The case is a few years old , before both the Supreme Court (SC) and Company Law Board (CLB). The exchange spokesperson declined to comment. Voting rights on 15 per cent shareholding of the promoters was extinguished by the Forward Markets Commission (FMC) a few years earlier. This was after it was found the promoters had raised the holding in the exchange by purchasing shares from the exchange’s money. Now, voting rights on the entire lot have been removed.
NMCE was promoted by Kailash Gupta in 2003 and was operationalised the same year. Later, when FMC made the charge of siphoning of funds from the exchange to purchase its shares, the promoters were declared ‘not fit and proper’ to run a commodity exchange.
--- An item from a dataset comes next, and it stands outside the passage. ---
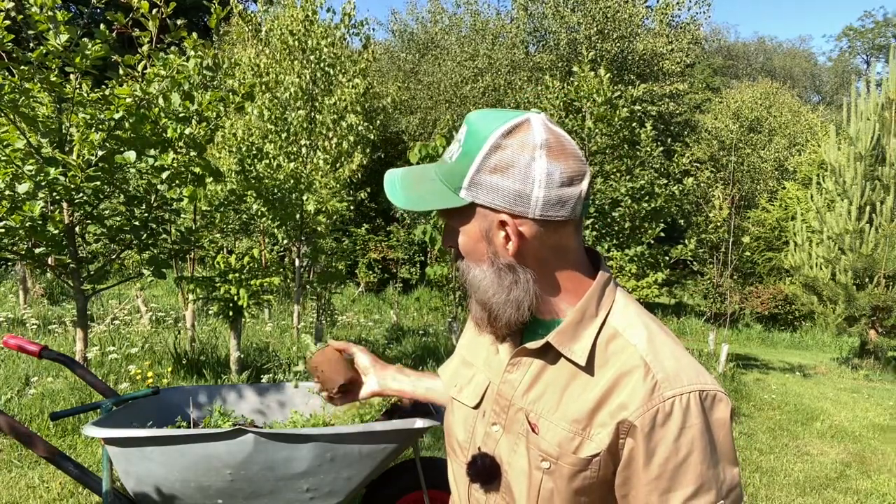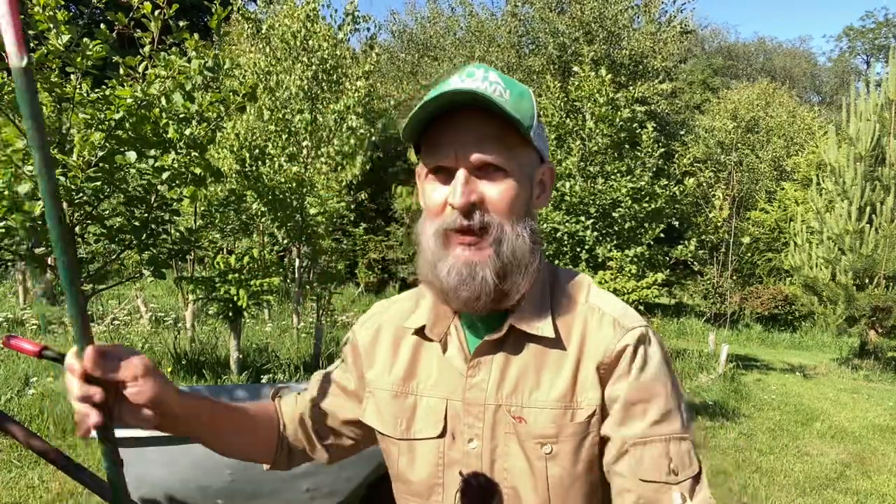But before we get into that, I'm just going to show you a tip. I've got a wheelbarrow full of wildflower plugs — you may have seen these on a previous video. They were done about three weeks ago and are now ready to be planted out. I'm going to show you an implement here which is actually used for planting bulbs.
If the courts rule in favour of the exchange, the promoters’ stake alleged to have been purchased with the exchange’s money will be issued back to the shareholders proportionately or cancelled.
NMCE is likely to call a meeting of its board of directors next month to give effect to FMC’s new directions on ownership patterns. As with all other commodity exchanges, it would have to revise its bylaws and articles of association. Central Warehousing Corporation (29.7 per cent stake), Bajaj Holdings and Investment (12.82 per cent), Reliance Capital (8.72 per cent) and Gujarat Agro (5.47 per cent) will all have to bring down their stake in the exchange to five per cent each, over the next five years.
NMCE is the third largest exchange but its market share is much lower. The exchange is known for trading in plantation crops, chiefly rubber.